- [Task directions]
What must be written out is each line from the one holding "Difusores com lavanda" through the end of the records, word for word, minus any pictures.

───── Material for this exercise ─────

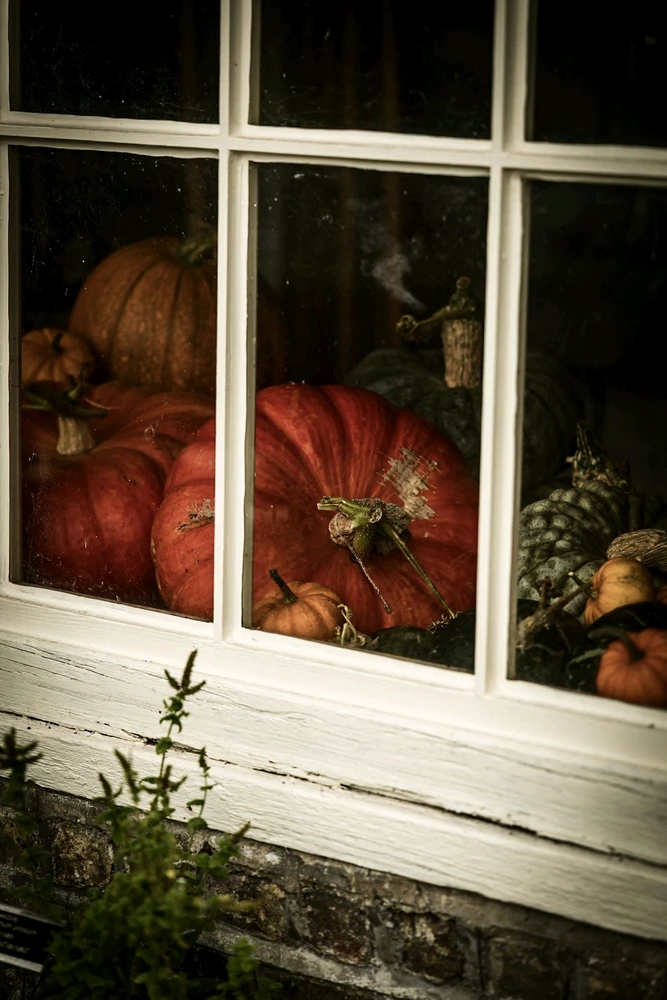 Image uploaded by Andrei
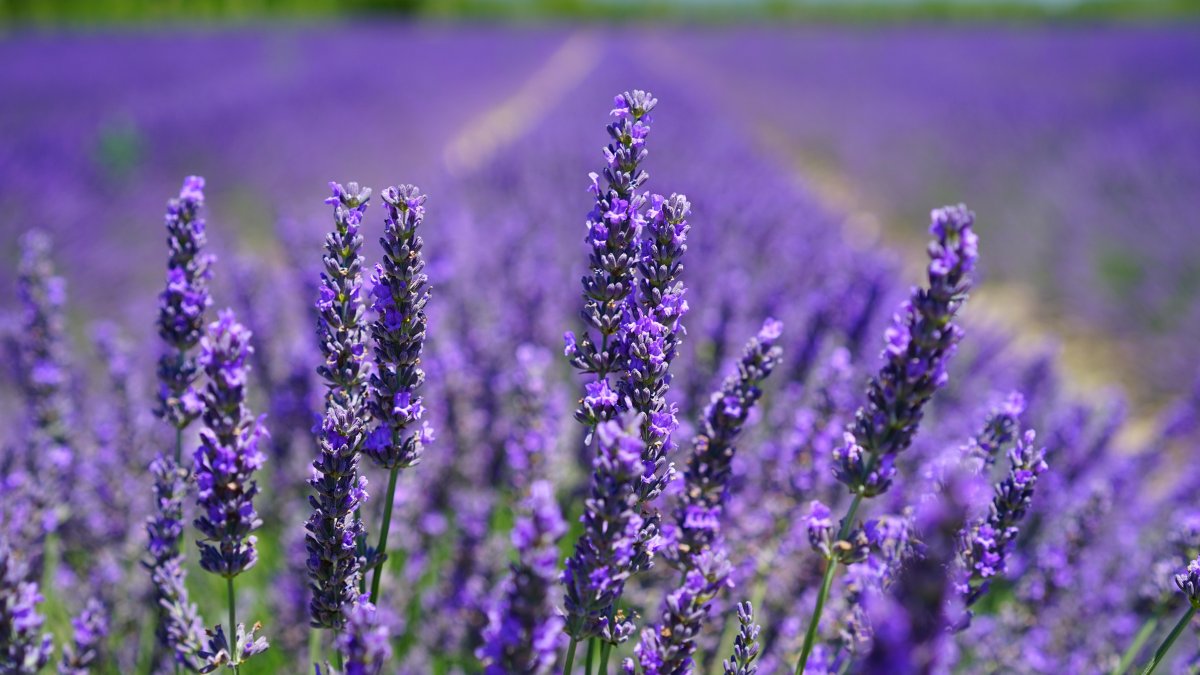 Difusores com lavanda purificam o ar e criam um ambiente mais equilibrado e acolhedor / Pixabay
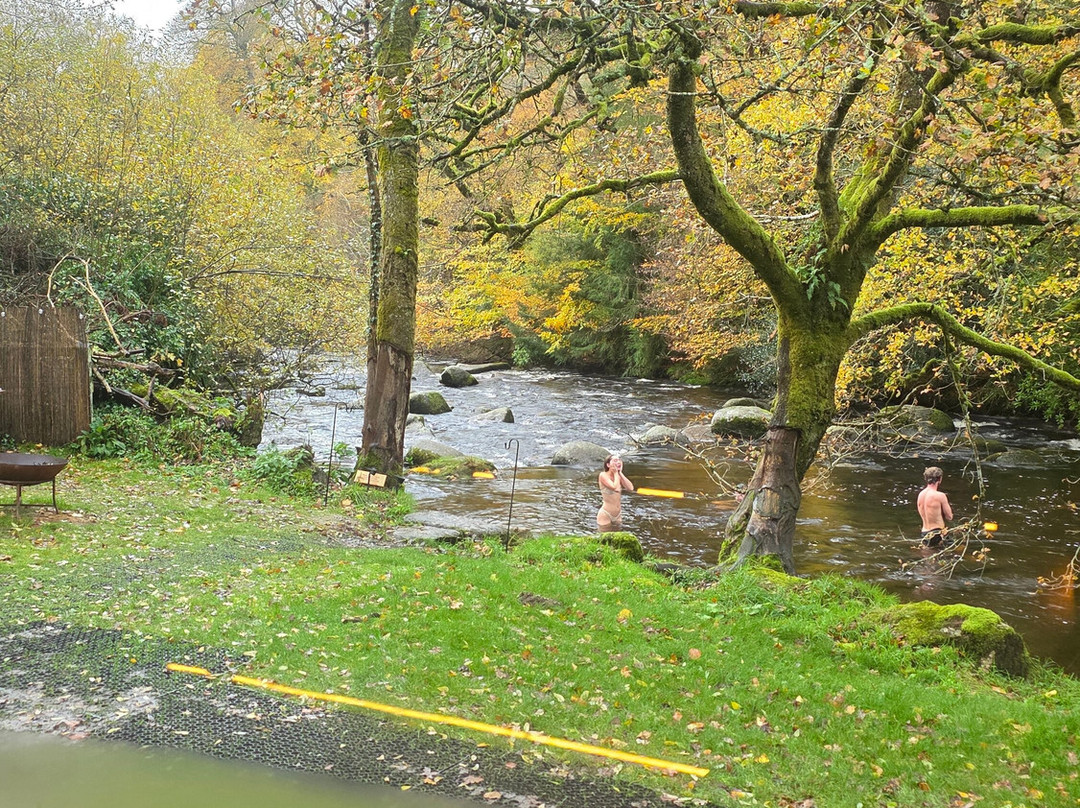 Wilder Sauna-Dartmeet必去景点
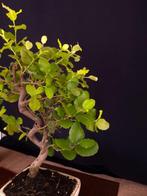 Eik – Geen minimumprijs - Hoogte (boom): 35 cm - Diepte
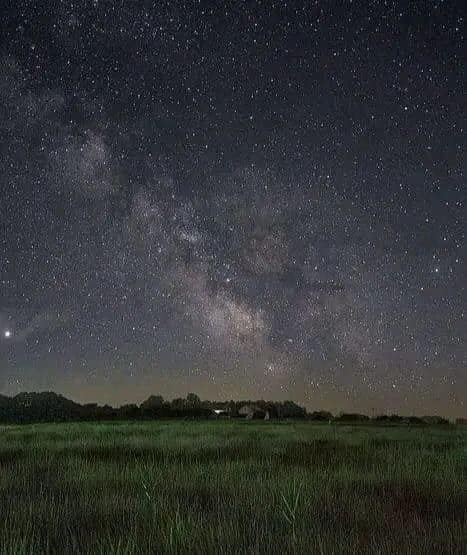 under the stars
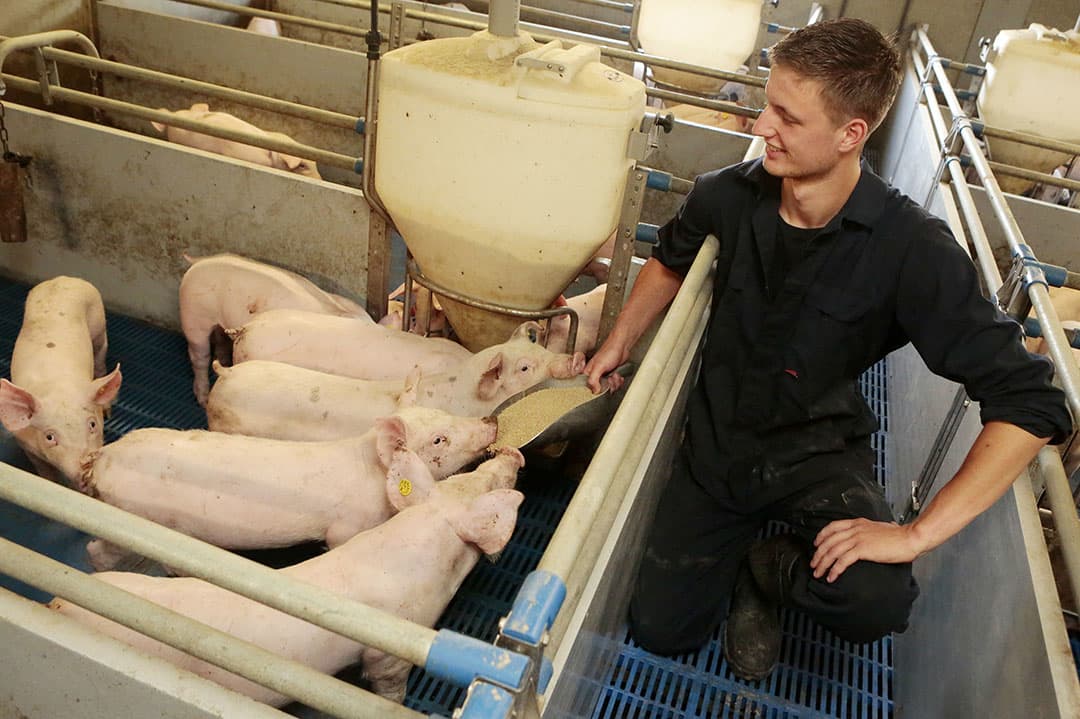 Foto: Ton Kastermans Fotografie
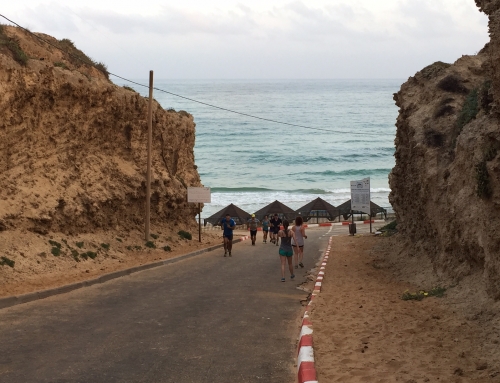 פעילות ספורטיבית, לימודים, הקשבה והתמדה / אסף לב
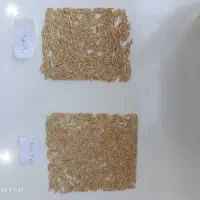 بذردرجه‌یک‌فجراعلا۹۰و۷۵روزه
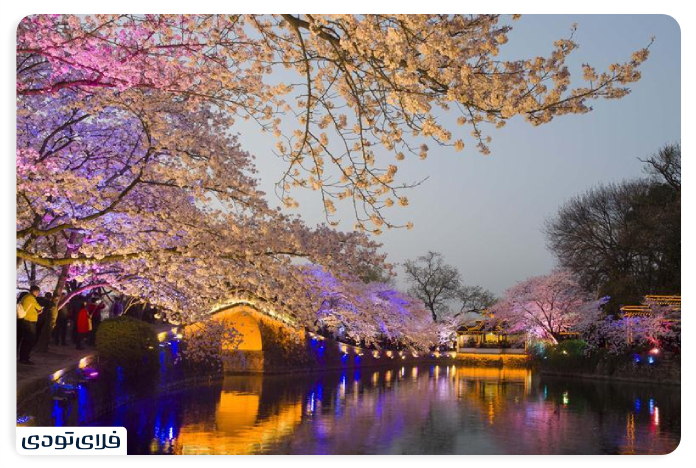 The best time to travel to China Fascinating seasons in the land of dragons The blossoming of nature and importa eves in the spring season of China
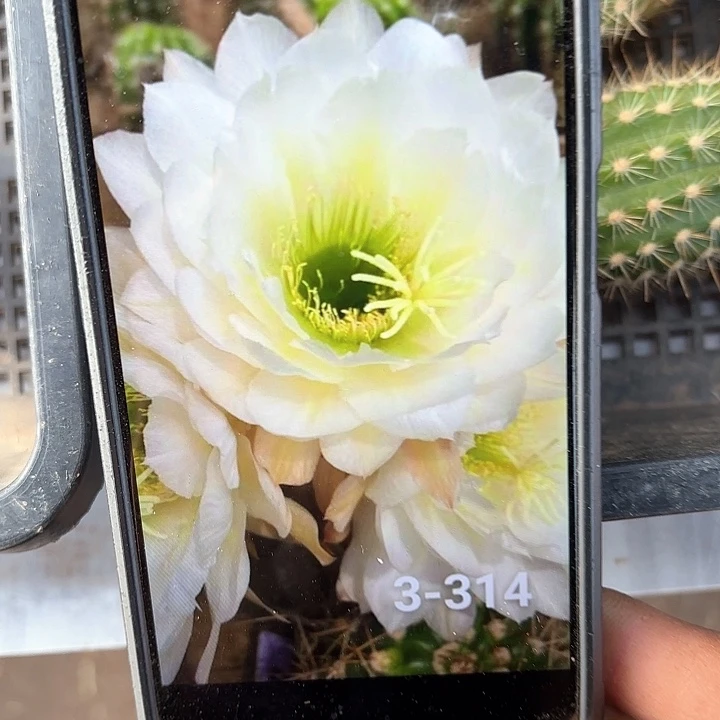 3-314毛侧牙20包邮仙人球9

─────

- [Response area]
 Difusores com lavanda purificam o ar e criam um ambiente mais equilibrado e acolhedor / Pixabay
 Wilder Sauna-Dartmeet必去景点
 Eik – Geen minimumprijs - Hoogte (boom): 35 cm - Diepte
 under the stars
 Foto: Ton Kastermans Fotografie
 פעילות ספורטיבית, לימודים, הקשבה והתמדה / אסף לב
 بذردرجه‌یک‌فجراعلا۹۰و۷۵روزه
 The best time to travel to China Fascinating seasons in the land of dragons The blossoming of nature and importa eves in the spring season of China
 3-314毛侧牙20包邮仙人球9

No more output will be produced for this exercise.